The median age in the city was 48.6 years. 22.1% of residents were under the age of 18; 5.9% were between the ages of 18 and 24; 17.8% were from 25 to 44; 22.7% were from 45 to 64; and 31.5% were 65 years of age or older. The gender makeup of the city was 44.5% male and 55.5% female.

===2000 census===
As of the census of 2000, there were 1,317 people, 602 households, and 364 families living in the city. The population density was 1,229.3 PD/sqmi. There were 648 housing units at an average density of 604.8 /sqmi. The racial makeup of the city was 99.39% White, 0.08% African American, 0.38% Native American, and 0.15% from two or more races. Hispanic or Latino of any race were 0.15% of the population.

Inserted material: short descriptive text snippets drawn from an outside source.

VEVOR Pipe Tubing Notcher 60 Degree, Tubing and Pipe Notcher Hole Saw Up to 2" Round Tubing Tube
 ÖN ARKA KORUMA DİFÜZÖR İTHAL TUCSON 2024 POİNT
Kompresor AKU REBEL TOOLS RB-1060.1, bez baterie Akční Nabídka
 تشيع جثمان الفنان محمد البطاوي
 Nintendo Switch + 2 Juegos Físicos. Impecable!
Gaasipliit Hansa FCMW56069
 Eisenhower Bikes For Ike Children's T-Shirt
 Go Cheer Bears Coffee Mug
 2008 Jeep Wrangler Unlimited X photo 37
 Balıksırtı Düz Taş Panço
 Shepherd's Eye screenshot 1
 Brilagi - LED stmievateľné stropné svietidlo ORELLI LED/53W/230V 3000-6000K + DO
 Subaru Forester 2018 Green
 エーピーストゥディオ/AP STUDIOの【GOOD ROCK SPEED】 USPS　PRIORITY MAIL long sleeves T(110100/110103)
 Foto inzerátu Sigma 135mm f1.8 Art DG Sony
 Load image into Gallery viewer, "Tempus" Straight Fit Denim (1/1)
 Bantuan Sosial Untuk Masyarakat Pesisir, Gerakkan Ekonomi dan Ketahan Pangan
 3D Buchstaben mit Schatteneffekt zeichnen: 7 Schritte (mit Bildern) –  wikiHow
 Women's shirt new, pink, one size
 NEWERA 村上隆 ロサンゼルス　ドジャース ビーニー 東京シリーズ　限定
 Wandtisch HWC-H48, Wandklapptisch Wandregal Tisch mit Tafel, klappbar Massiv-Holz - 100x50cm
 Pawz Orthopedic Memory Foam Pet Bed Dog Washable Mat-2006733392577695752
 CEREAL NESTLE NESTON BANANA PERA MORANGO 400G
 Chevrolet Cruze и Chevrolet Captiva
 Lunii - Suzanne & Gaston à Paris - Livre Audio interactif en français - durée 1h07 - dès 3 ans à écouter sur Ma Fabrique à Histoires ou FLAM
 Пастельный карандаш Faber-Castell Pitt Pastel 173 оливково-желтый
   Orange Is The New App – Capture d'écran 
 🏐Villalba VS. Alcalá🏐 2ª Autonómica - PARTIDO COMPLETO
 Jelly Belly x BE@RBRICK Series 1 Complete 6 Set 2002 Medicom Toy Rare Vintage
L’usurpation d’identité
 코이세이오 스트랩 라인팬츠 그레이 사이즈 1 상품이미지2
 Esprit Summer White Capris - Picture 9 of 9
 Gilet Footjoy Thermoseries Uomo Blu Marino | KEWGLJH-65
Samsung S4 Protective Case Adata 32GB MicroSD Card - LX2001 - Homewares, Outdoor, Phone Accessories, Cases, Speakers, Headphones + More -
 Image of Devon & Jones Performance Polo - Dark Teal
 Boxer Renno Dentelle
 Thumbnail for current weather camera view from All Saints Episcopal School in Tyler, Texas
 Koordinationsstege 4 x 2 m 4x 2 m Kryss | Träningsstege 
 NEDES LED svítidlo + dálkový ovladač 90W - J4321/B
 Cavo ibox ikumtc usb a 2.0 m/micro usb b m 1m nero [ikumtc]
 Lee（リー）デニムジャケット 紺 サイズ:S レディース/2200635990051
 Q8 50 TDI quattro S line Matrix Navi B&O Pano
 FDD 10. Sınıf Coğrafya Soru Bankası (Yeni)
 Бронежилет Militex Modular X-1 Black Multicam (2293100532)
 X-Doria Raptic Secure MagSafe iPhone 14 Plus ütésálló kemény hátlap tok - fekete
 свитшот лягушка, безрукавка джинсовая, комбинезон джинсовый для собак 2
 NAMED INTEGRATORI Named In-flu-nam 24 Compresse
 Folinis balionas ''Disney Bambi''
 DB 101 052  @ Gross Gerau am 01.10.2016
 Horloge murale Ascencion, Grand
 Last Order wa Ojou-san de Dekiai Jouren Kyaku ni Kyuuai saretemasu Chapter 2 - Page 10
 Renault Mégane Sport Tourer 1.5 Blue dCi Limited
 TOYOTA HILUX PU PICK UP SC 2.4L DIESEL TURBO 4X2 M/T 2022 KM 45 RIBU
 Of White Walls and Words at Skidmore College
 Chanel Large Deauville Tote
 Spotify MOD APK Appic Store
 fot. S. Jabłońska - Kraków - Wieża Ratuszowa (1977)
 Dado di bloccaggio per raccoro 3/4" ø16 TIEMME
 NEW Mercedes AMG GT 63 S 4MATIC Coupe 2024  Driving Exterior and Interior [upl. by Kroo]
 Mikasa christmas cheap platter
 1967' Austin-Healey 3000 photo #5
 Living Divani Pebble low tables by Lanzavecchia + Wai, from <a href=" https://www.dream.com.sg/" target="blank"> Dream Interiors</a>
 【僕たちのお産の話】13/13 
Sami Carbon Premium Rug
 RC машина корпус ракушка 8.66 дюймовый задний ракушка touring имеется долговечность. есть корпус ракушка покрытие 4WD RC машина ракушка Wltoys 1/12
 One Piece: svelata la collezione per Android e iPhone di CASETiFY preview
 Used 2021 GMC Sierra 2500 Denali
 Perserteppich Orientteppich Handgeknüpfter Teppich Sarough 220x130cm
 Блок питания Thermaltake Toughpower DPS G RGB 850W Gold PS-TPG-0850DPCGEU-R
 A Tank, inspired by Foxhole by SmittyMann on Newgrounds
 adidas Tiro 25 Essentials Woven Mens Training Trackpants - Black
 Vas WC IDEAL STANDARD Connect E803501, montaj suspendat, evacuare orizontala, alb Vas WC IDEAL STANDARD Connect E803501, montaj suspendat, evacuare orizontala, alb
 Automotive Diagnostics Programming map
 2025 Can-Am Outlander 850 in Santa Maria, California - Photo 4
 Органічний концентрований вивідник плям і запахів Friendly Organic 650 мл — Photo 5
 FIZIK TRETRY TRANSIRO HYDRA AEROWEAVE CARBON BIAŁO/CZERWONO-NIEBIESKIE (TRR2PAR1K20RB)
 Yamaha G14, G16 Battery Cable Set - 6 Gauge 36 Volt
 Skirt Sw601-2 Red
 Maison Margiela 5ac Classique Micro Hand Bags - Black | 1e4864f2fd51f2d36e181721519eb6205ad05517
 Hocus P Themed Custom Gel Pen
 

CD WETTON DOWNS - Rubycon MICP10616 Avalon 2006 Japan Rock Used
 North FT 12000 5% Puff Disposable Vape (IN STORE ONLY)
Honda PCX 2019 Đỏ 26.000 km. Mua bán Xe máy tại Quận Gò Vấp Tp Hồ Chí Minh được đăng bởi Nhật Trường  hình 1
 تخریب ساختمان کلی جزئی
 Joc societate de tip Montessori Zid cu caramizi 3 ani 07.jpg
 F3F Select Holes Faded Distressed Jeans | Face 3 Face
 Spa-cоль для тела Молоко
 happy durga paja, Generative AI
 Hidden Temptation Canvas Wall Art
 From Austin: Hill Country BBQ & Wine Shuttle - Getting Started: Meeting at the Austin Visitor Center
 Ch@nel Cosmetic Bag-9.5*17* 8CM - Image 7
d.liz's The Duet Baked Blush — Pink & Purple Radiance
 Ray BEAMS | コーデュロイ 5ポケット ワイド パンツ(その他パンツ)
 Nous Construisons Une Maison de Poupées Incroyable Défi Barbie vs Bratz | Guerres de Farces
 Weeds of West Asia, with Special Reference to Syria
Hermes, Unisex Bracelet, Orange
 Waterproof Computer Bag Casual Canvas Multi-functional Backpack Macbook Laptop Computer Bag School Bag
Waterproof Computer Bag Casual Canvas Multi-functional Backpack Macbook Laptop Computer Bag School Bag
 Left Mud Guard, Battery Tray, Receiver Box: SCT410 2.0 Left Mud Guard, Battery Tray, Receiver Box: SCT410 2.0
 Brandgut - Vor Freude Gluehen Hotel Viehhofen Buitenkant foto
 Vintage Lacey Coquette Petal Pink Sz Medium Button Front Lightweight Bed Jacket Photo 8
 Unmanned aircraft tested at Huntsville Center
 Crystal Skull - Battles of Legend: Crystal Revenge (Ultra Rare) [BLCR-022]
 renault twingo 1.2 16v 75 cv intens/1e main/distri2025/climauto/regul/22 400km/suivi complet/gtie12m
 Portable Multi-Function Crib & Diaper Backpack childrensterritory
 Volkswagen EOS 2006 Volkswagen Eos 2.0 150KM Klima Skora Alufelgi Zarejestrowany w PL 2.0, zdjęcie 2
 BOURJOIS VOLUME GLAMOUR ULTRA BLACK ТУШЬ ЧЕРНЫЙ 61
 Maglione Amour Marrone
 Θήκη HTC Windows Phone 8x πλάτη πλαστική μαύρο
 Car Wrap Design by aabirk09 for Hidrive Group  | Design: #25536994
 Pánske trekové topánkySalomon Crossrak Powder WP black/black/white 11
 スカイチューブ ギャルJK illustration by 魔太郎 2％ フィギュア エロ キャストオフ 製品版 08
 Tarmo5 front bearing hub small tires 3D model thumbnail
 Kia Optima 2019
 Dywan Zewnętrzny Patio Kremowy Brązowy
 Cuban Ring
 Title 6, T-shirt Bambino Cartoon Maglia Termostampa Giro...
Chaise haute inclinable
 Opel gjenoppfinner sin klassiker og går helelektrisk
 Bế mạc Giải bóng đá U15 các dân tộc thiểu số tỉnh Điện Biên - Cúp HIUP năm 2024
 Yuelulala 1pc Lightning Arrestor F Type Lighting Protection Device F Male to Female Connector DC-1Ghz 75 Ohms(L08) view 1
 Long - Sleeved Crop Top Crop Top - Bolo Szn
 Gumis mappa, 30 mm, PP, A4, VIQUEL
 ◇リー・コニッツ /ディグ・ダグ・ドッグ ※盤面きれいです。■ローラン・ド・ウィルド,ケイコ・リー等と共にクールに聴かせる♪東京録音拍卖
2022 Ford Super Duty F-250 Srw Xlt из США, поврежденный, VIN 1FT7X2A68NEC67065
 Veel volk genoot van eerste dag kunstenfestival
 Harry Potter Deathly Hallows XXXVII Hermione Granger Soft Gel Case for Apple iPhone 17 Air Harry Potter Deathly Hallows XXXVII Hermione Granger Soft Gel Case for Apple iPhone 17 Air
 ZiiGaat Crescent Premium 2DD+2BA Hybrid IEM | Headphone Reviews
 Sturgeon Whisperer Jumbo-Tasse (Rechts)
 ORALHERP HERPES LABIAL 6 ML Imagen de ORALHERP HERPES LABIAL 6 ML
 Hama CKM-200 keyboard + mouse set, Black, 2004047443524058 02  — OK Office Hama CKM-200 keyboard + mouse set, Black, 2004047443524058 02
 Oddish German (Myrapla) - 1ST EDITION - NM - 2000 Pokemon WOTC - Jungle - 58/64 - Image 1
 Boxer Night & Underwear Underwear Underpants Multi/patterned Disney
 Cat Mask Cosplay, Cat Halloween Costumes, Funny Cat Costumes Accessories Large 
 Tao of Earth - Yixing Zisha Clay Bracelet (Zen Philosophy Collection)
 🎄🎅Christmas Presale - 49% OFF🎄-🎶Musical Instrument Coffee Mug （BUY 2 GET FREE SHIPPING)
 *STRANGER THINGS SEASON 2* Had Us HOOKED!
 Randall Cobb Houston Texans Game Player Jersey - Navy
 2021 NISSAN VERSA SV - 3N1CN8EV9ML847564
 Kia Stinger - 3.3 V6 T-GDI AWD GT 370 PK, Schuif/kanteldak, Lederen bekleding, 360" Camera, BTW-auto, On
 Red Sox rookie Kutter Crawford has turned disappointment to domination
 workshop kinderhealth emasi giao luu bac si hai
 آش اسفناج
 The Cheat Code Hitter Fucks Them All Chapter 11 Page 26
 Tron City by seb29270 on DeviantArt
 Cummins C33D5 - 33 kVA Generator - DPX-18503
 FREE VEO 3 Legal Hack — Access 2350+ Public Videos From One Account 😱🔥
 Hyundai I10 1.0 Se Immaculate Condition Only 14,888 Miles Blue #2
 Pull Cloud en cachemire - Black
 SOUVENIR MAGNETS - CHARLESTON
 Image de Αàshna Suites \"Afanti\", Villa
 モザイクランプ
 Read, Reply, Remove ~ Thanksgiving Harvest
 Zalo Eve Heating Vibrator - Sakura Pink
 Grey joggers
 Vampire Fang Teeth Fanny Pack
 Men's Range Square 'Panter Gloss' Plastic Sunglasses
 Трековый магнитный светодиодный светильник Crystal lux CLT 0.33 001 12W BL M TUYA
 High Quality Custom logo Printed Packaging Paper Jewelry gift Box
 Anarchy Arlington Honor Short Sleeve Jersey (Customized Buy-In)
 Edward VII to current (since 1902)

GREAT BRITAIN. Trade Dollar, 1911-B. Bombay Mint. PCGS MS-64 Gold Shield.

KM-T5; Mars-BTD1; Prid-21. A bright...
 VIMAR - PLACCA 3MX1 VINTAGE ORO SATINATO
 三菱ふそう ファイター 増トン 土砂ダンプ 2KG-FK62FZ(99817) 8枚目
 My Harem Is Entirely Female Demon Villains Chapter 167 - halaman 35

There were 602 households, out of which 21.4% had children under the age of 18 living with them, 52.7% were married couples living together, 5.6% had a female householder with no husband present, and 39.5% were non-families. 38.2% of all households were made up of individuals, and 25.9% had someone living alone who was 65 years of age or older. The average household size was 2.09 and the average family size was 2.78.

In the city, the population was spread out, with 19.7% under the age of 18, 4.7% from 18 to 24, 21.6% from 25 to 44, 19.1% from 45 to 64, and 34.9% who were 65 years of age or older. The median age was 48 years. For every 100 females, there were 80.9 males. For every 100 females age 18 and over, there were 74.7 males.

As of 2000 the median income for a household in the city was $29,152, and the median income for a family was $39,118. Males had a median income of $26,795 versus $17,788 for females. The per capita income for the city was $17,077. About 4.1% of families and 6.0% of the population were below the poverty line, including 6.1% of those under age 18 and 10.2% of those age 65 or over.

==Notable person==
- Connor Hansen, Wisconsin Supreme Court justice

==Education==
Freeman High School and Freeman Elementary are the local public schools, home to the Freeman Flyers.

Freeman Junior College, started in 1903, was a small institution that begun the Mennonite-based education in Freeman. The Junior College closed in 1986, but the education continues on the campus as the Freeman Academy. The Freeman Academy is a private, Christian middle school and high school that serves students in grades 1-12.

==Local culture==
- Freeman is considered the chislic capital of America and as such it is the location of The South Dakota Chislic Festival. Local restaurants serve chislic as a local specialty.
- Schmeckfest, begun in 1959, is an annual 'festival of tasting' in Freeman. It is considered one of South Dakota's premier festivals. It features the ethnic foods/culture/history and musical traditions of the community.
- Heritage Hall Museum & Archives is an independent, not-for-profit museum in Freeman, preserving and sharing the history of the immigrants - primarily Germans from Russia - who settled in the area in the 1870s. It includes two large exhibit halls containing artifacts, an archives/library and four historic buildings. It is open year-round.